Beginning with the top line of the listing below, give again every line up to and including the line with "Sundance Womens Boho"; pictures do not belong in the copy.

■ Given material:
-- -- --

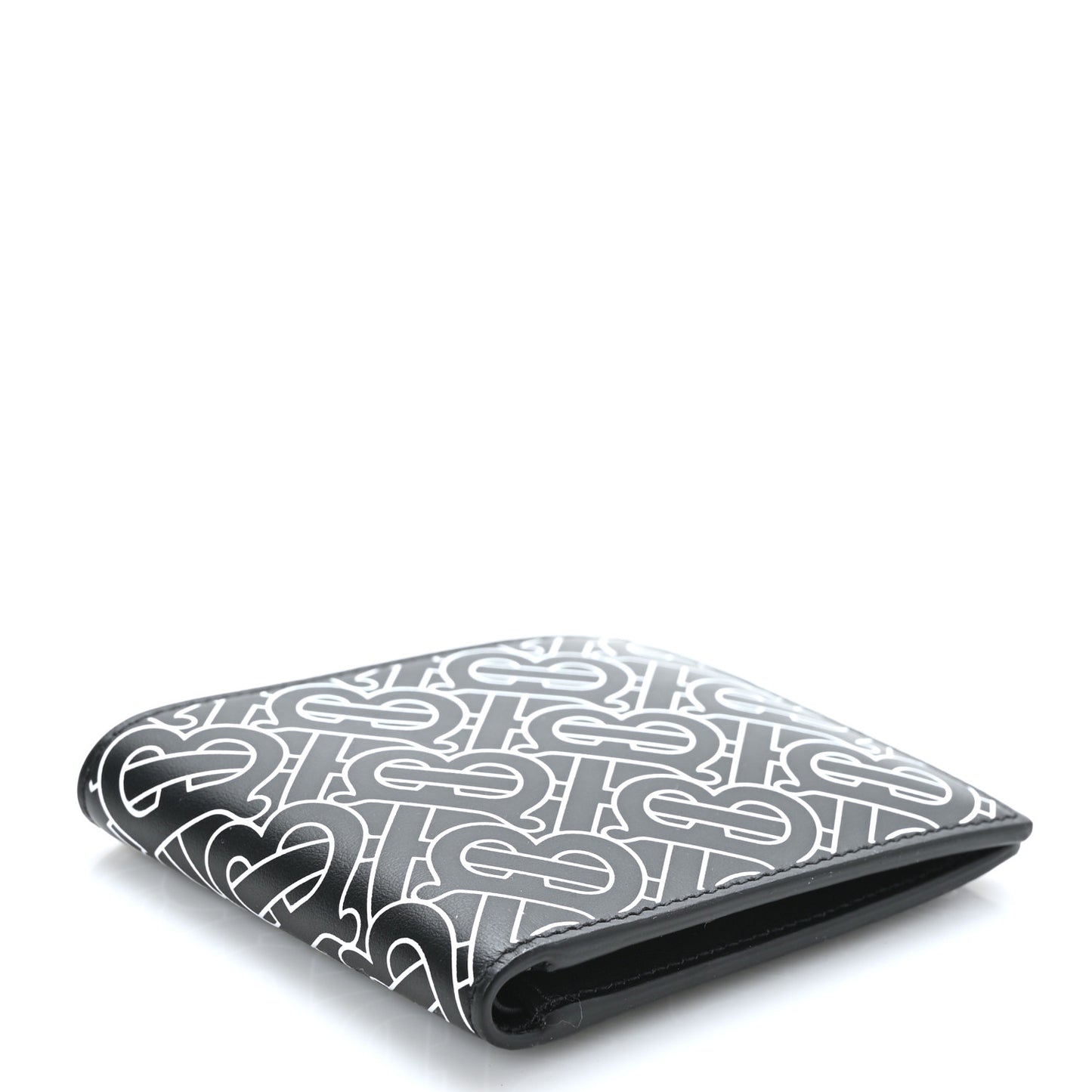 Calfskin Embossed Monogram Bi-Fold Wallet Black White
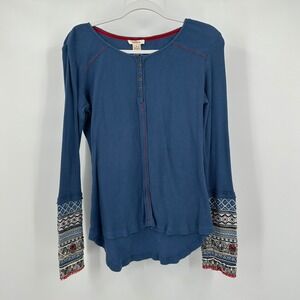 Sundance Womens Boho Top Size M Waffle Knit Henley Festival Artisan Thermal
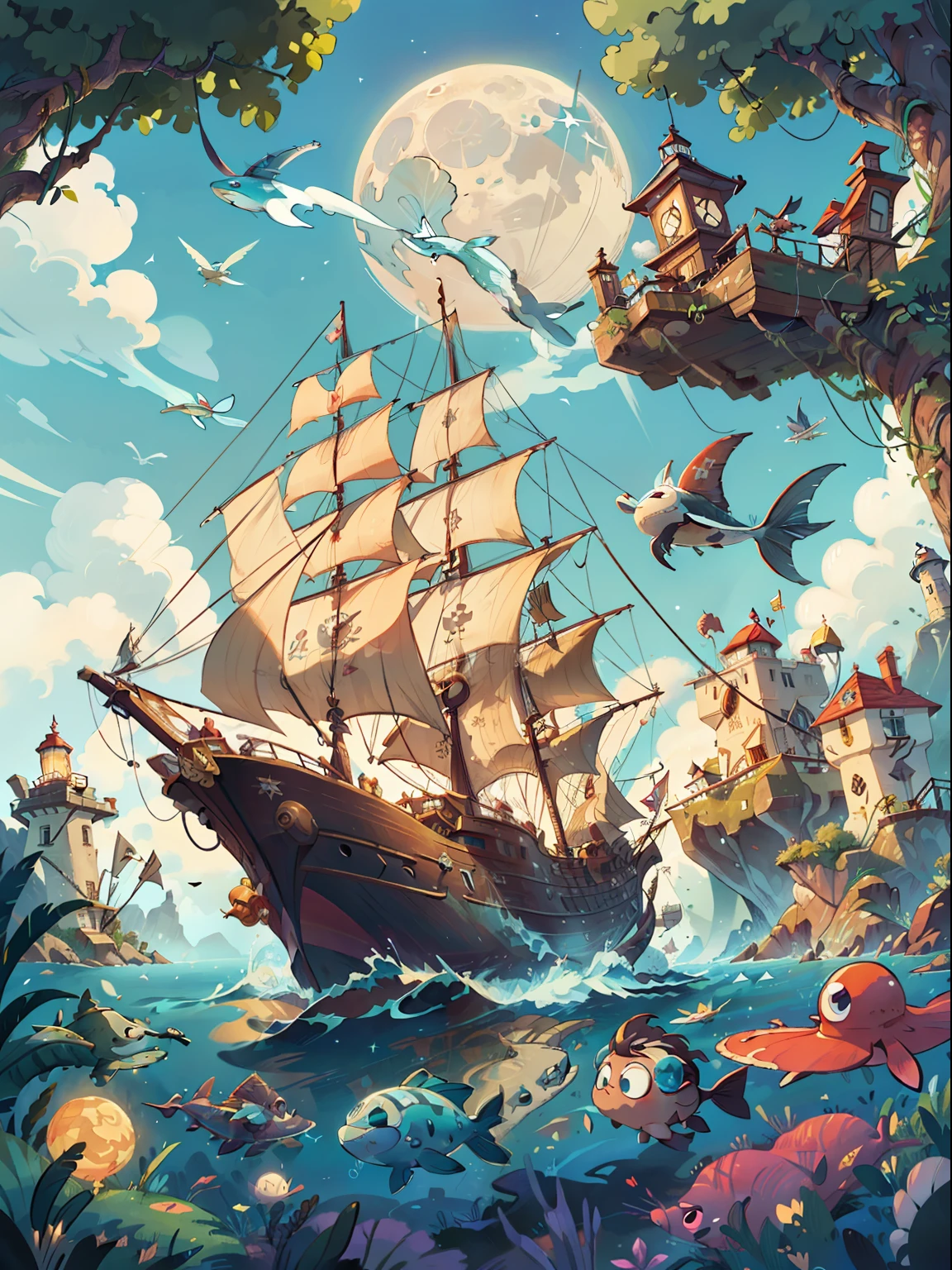 Atomic - age surrealism, translucent organisms, Floating translucent pirate ship,lighthouse,stars,themoon,Compass,Flying fish,star ocean,whales,compass,stars,colorful void, Organic form, Richard Powers, author:James Rizzie --AR 2:3, kamina shades, hime-cut, Pop art, Award-Awarded, Masterpiece, Award-Awarded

-- -- --

■ Output:
 Calfskin Embossed Monogram Bi-Fold Wallet Black White
 Sundance Womens Boho Top Size M Waffle Knit Henley Festival Artisan Thermal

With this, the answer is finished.